Two hypotheses can be invoked to explain the CD28-independent IgG responses. First, T cells specific for the
antigens can be activated by TCR ligand in the absence of
costimulation. Second, activation of T cells specific for
these antigens requires costimulation provided by other costimulatory molecules. Recent studies from several laboratories including ours have demonstrated that multiple costimulatory molecules, such as the heat-stable antigen
(HSA; references 8), CD48 (14, 15), CD44H (16), intercellular adhesion molecule 1 (ICAM-1; references 17,
18), and 4-1BB ligand (19, 20) can promote T cell activation in a number of experimental models. It is therefore
plausible that these costimulators may compensate for the
CD28-deficiency. We are especially interested in the role
of HSA in CD28-deficient mice, as we and others have established that this molecule plays a critical role in the induction of T cell clonal expansion (8), CTL maturation
(10), and induction of CD8 T cell memory (12, 13).

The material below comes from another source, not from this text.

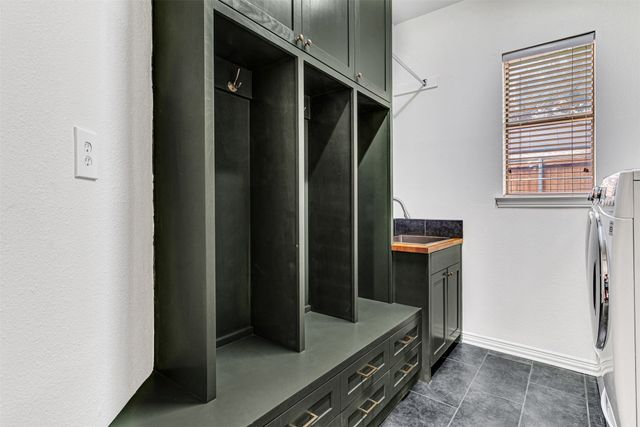 5045 SILVER LAKE Drive, Plano, TX 75093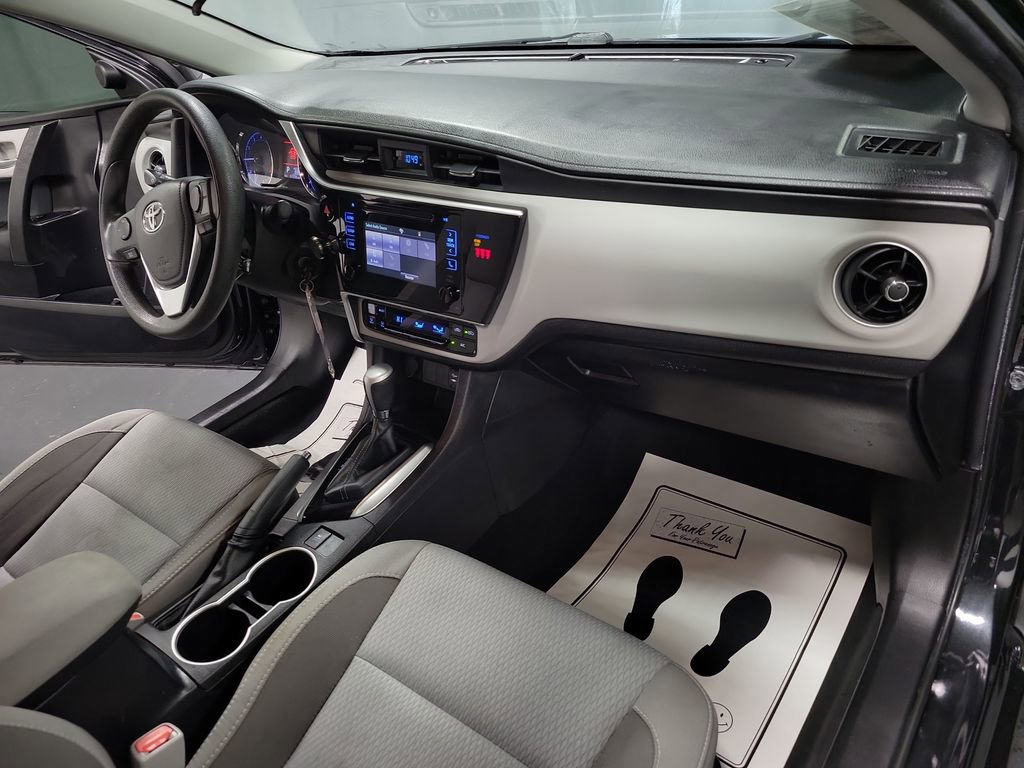 Used 2019 Toyota Corolla LE image 24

To test whether CD28-independent induction of immunological help for CD4 T cells requires costimulation by
HSA, we compared activation of T helper cells as well as
T-dependent antibody responses in wild-type mice to
those in mice that are deficient of CD28 alone, HSA alone,
and both HSA and CD28. Our results demonstrated that
after immunization with DNP-coupled KLH, mice deficient for both HSA and CD28 failed to produce DNP-specific IgG1, IgG2a, IgG2b, IgG3, and IgA. This deficiency
correlates with a defective induction of antigen-specific cytokine-producing cells. In contrast, substantial IgG1, IgG2a,
and IgG2b responses and cytokine-producing cells are
present in mice that are deficient for either CD28 or HSA.
Thus, CD28-independent induction of T helper function
and Ig class switches require costimulation by the HSA.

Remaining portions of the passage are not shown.